The Civil Contingencies Authority (CCA), which Chief Minister Deputy Peter Ferbrache chairs, was included in Private Eye's Rotten Boroughs Awards of 2021 over its handling of the visit to Guernsey of British and Irish Lions' rugby coach Warren Gatland.
At Easter last year, Mr Gatland visited Guernsey to assess the island as a potential training camp for the Lions.
This was at a time when anyone coming to island was required to isolate immediately for two weeks. Mr Gatland was given permission to meet several politicians and senior States of Guernsey officials.
The move led to strong criticism from some States Members and islanders.
Pictured: Deputy Ferbrache said the version of events set out by Private Eye, published in print edition 1564 and online, were "nonsense".

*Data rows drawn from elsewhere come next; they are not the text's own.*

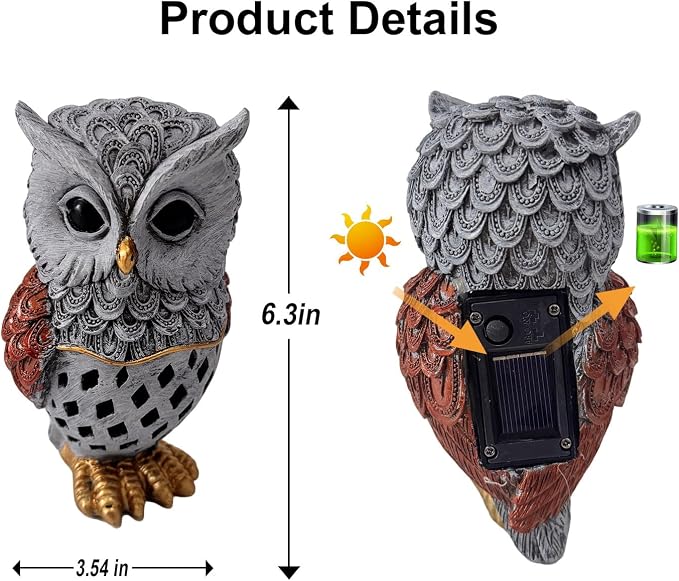 Solar Garden Decor Owl Statues Figurine,Solar Hollow Out Waterproof Lantern for Patio Balcony Yard Lawn,Home Decor,Mother's Day Birthdays Gifts for Mom Grandma Women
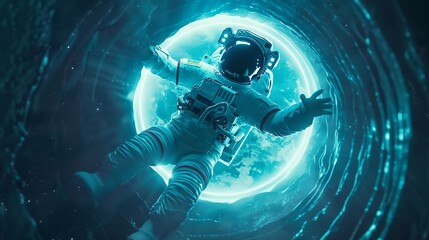 An astronaut floating in zero gravity inside a portal leading to different dimensions - obrazy, fototapety, plakaty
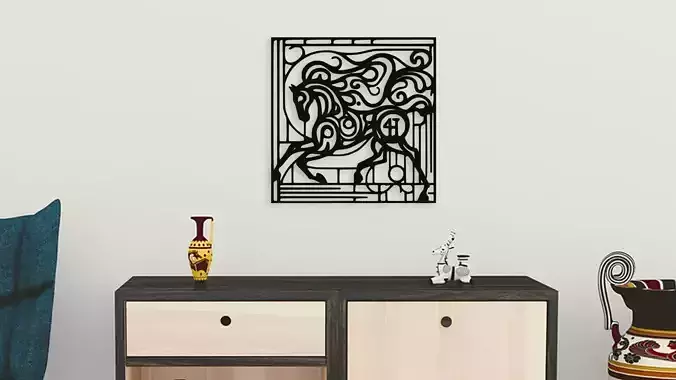 Stylized Horse Wall Decor 4H Emblem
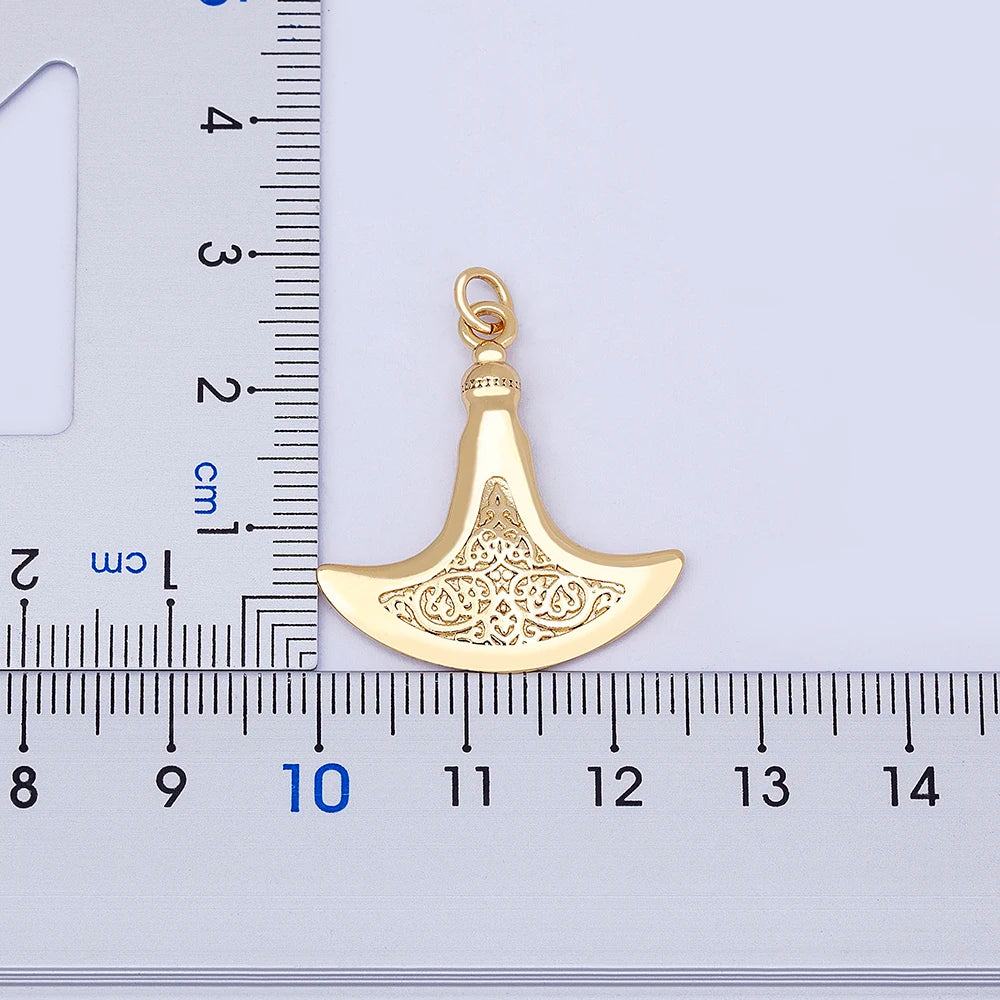 Nidin Bijoux de mode pour hommes femmes mythologie nordique pendentif hache collier cuivre plaqué or longue chaîne tour de cou fête barre cadeau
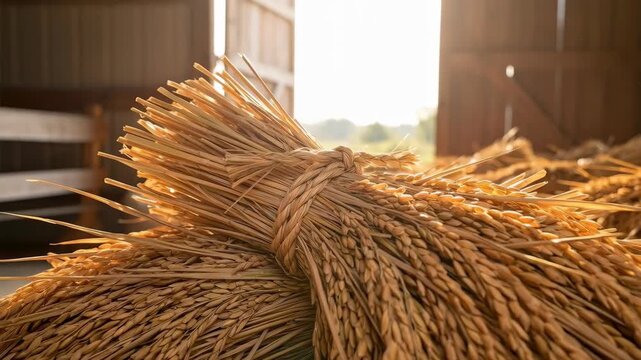 Close up of tied bundles of golden rice stalks inside a rustic wooden barn with warm sunset light streaming through the door for agriculture and harvest season concepts.
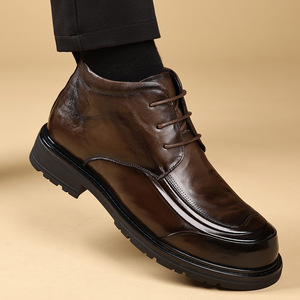 Men Genuine Leather <b>Ankle</b> Boots Round Toe Warm Plush Lining Rubber Outsole Winter Snow Boots - Product Image 2
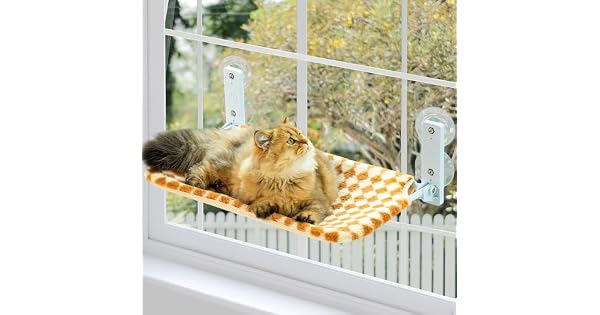 EDAGNY Hamaca Ventana Gato Plegable 54x30cm Ligero con Funda Lavable Marrn M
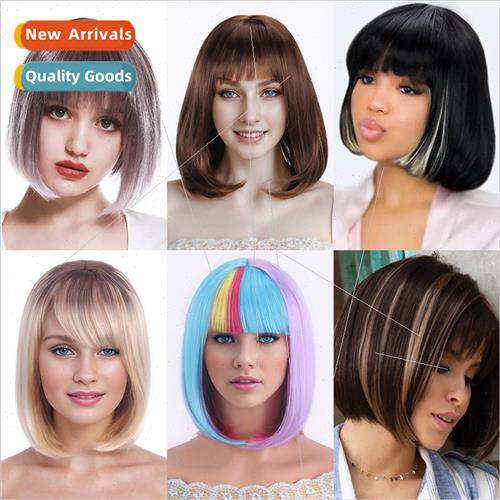 Europe bob wig short hair female black shoulder bob chemical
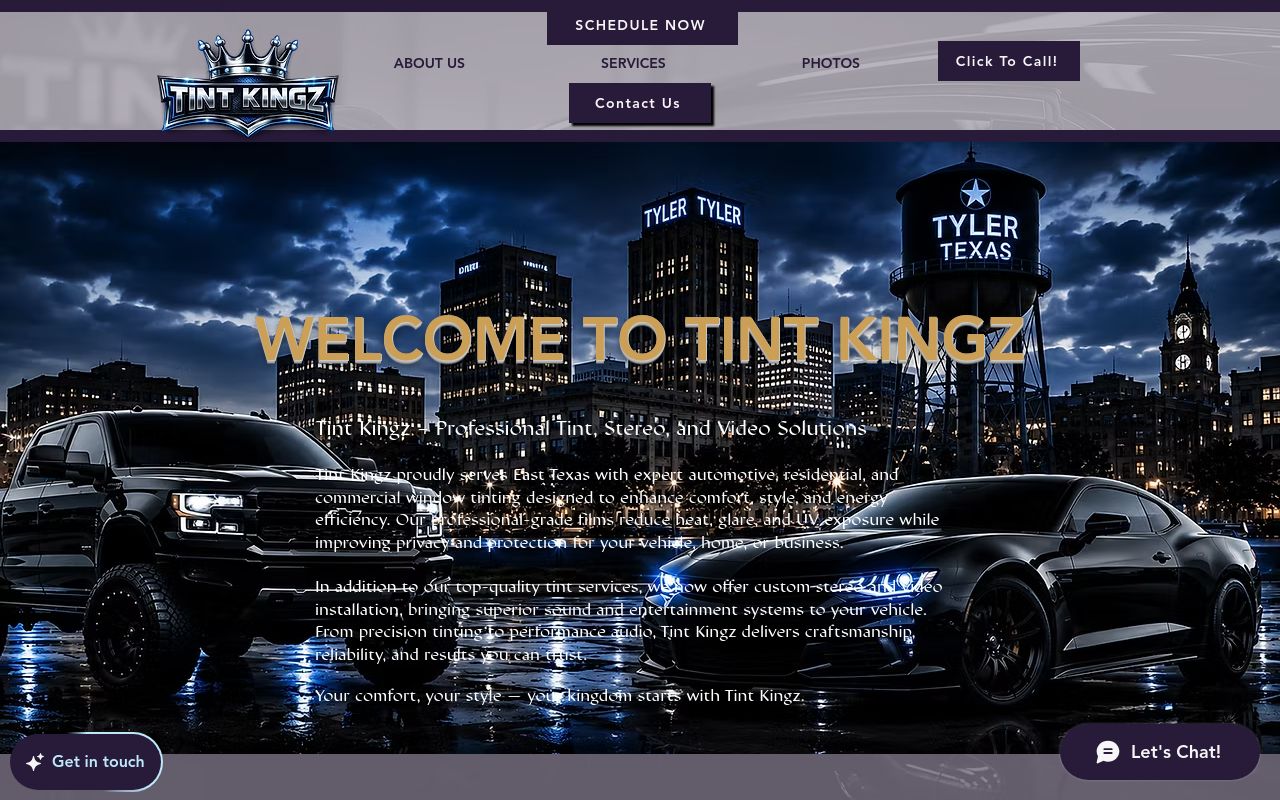 Homepage of Tint Kingz's website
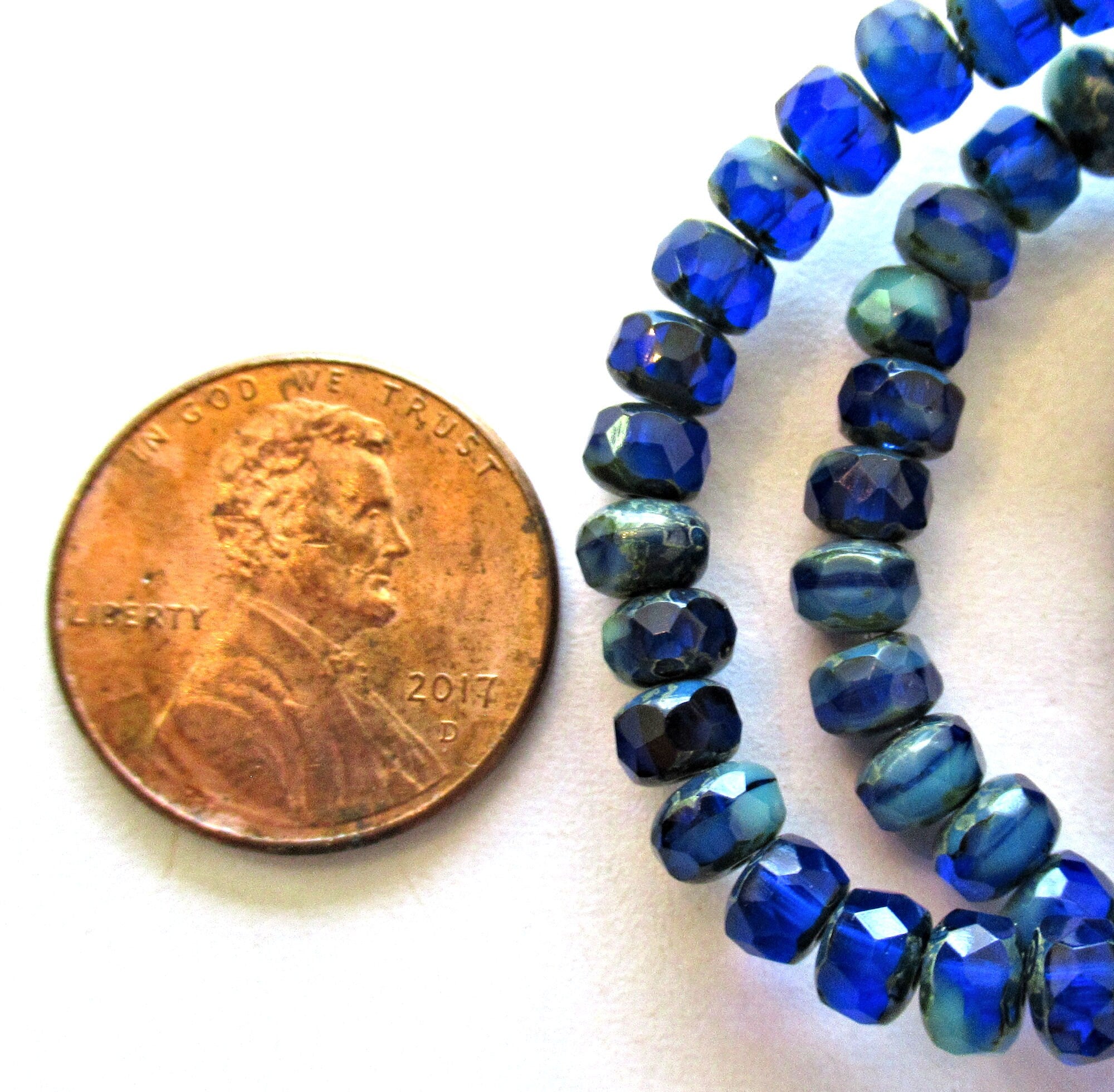30 small Czech glass puffy rondelle beads - 3 x 5mm transparent cobalt blue & opaque turquoise color mix faceted fire polished rondelles 00041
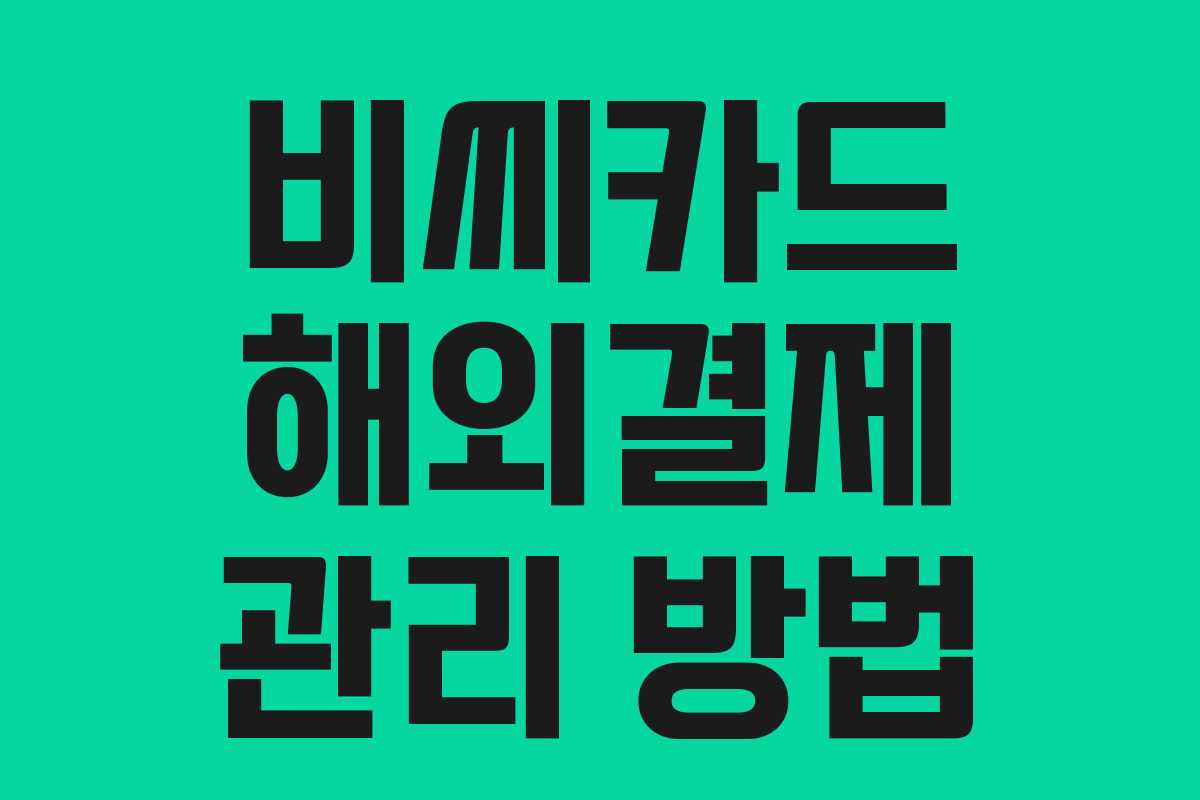 비씨카드 해외결제 관리 방법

They argued that giving Mr Gatland permission to move around more freely than other arrivals in the island sent mixed messages about the importance of following isolation rules.
However, on revisiting the story in light of Private Eye’s article during this week's Bailiwick Podcast interview, Deputy Ferbrache firmly believes that he and his colleagues made the right decisions at the time and that Private Eye has got it completely wrong.
“[The article] was nonsense because: a) Dr Brink and I didn’t go to the dinner - we were accused and we never went and b) I didn’t go as a member of the Civil Contingencies Authority," Deputy Ferbrache told the podcast.
“Paul Whitfield [then Chief Executive of the States] did a very good thing.
"He’s a rugby man and thought if we could get Warren Gatland’s rugby team to spend some of their time in Guernsey that would be great. It was a fantastic idea.”
CLICK TO LISTEN: CCA Chair Deputy Peter Ferbrache was this week's Bailiwick Podcast interviewee.
He continued: “I come up to ‘meet and greet’ as the Chief Minister, to welcome Mr Gatland. There were other people there and we were all socially distanced. Dr Brink was there and we all complied with every single rule.
“There was an argument about whether it was lunch or not. I think that’s a bit of an arid argument now.
"All of a sudden someone said there were a few sandwiches at the back. I had a few sandwiches and so did other people. I don’t know if that’s lunch or not.
"That was it."
Pictured: Warren Gatland's British and Irish Lions eventually went to Jersey for their training camp.
Deputy Ferbrache said he has no intention of trying to find out who alerted Private Eye to the story and he thinks there is “no point in asking for a correction" from the magazine.
“It’s complete and utter rubbish," he said.
Elsewhere in the interview, he discussed plans to buy a ferry for Condor to protect the island's sea links, and the fact Jersey wasn't told.